= Magh (Punjabi calendar) =

Eleventh month of the Punjabi calendar

Māgh (Shahmukhi: ; Gurmukhi: ਮਾਘ, /pa/) is the eleventh month of the Punjabi calendar as well as the Nanakshahi calendar, which governs the activities within Sikhism. The Nanakshahi solar month begins on January 13, after Poh, and ends on February 12, being followed by Phagan. The traditional Punjabi Bikrami lunisolar month begins on the day after the Poh full moon and ends on the Magh full moon.

This month coincides with Magha in the Hindu calendar and the Indian national calendar, and January and February in the Gregorian and Julian calendars and is 30 days long.

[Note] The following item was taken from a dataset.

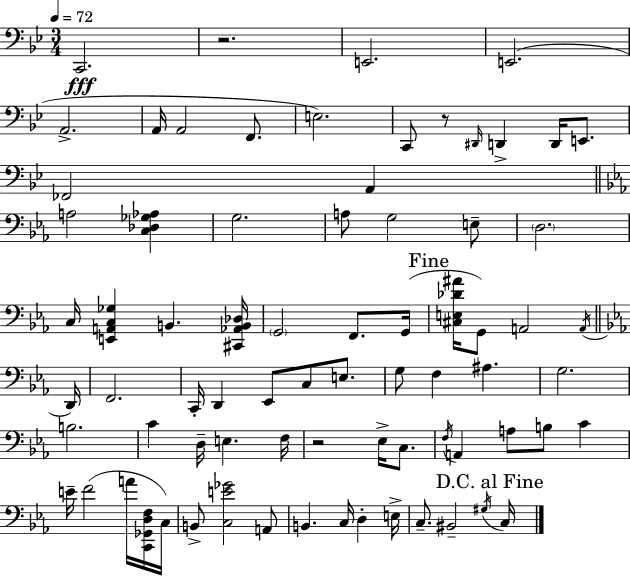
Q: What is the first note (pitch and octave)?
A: C2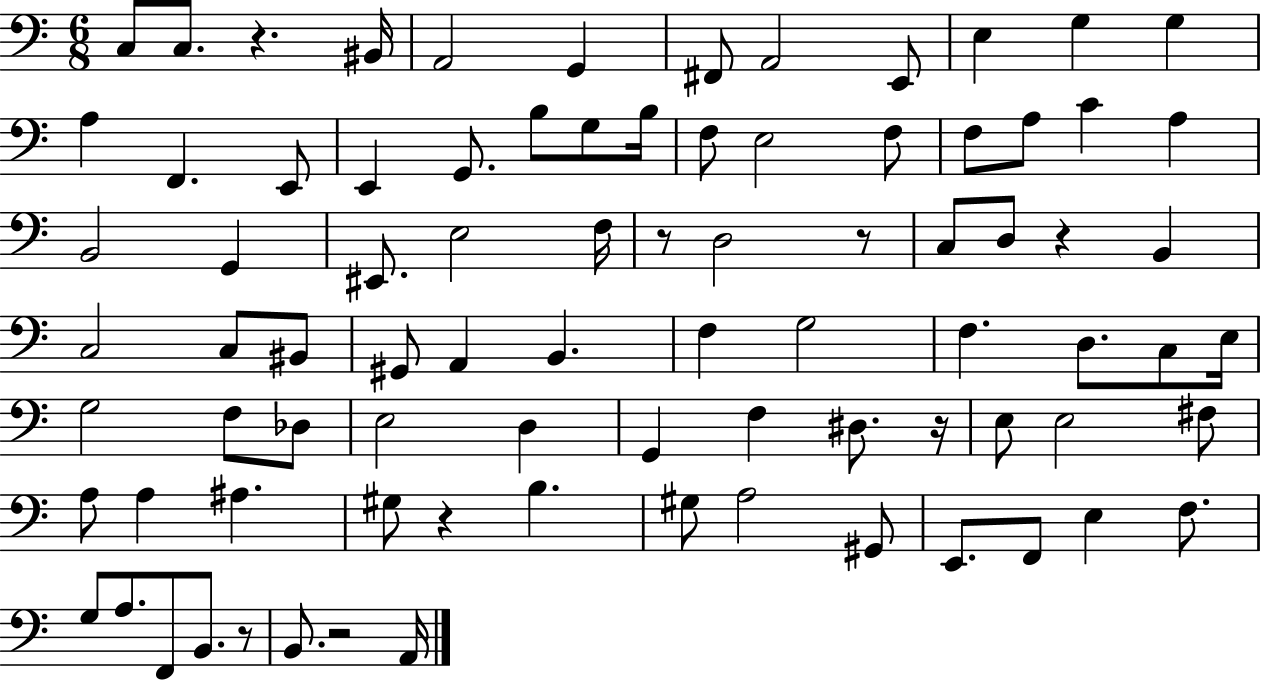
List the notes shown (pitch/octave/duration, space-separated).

==Important events during this month==
===January===
- January 14 (1 Māgh) - The start of the month Magh
- January 31 (19 Māgh) - Birth of Guru Har Rai Ji

===February===
- February 11 (30 Māgh) - Birthday of Sahibzada Ajit Singh Ji
- February 12 (1 Phaggan) - The end of the month Magh and the start of Phaggan

=== Hindu Festivals Based on Lunar Dates ===

- Magh 4: Sakat Chauth/Bhugga (ਸਕਟ ਚੌਥ/ਭੁੱਗਾ) - A day of fasting dedicated to Ganesha and observed by mothers for their children. Special sweets made of til (sesame) and gur (jaggery) along with pinnis which are round sweet balls made of wheat flour, ghee, and sugar.
- Magh 20: Basant/Basant Panchami (ਬਸੰਤ/ਬਸੰਤ ਪੰਚਮੀ) - A festival dedicated to Goddess Saraswati commemorating the arrival of spring when people wear yellow to mirror the blooming mustard fields. After Saraswati Puja is performed in the morning and sweeted yellow rice is eaten as parshad, families fly kites for the remainder of the day.

=== Hindu Festivals Based on Solar Dates ===
The following festivals may fall in the month of Poh or Magh:

- January 13: Lohri (ਲੋਹੜੀ) - A bonfire festival celebrated on the eve of Maghi when devotees and families circle a sacred fire and offer sesame seeds, jaggery, and peanuts to the fire god for the commencement of the coming longer and warmer days. Lohri is also celebrated as a secular and important cultural festival of Punjab honouring Dulla Bhatti, a Punjabi Muslim zamindar who defied the oppressive Mughal rule by redistributing wealth and saved Punjabi Hindu girls from slavery and persecution under the Mughals. This festival is known as Lal Loi and Bhogi in other parts of South Asia.
- January 14: Maghi (ਮਾਘੀ) - A highly auspicious day marking the sun's journey into the northern hemisphere and the return of warmth and longer days. This day marks the sun's transition into the sign of Makar (Capricorn). It is celebrated with chanting prayers to Surya while taking purifying dips into local waterbodies, rivers, and sarovars and the donation of sesame seeds, jaggery, nuts, and warm clothing to the poor. This festival is known as Makar Sankranti, Pongal, Magh Bihu, Uttarayan, Makara Jyothi, Ghughutiya, Shakrain, and Maghe Sankranti in other parts of South Asia.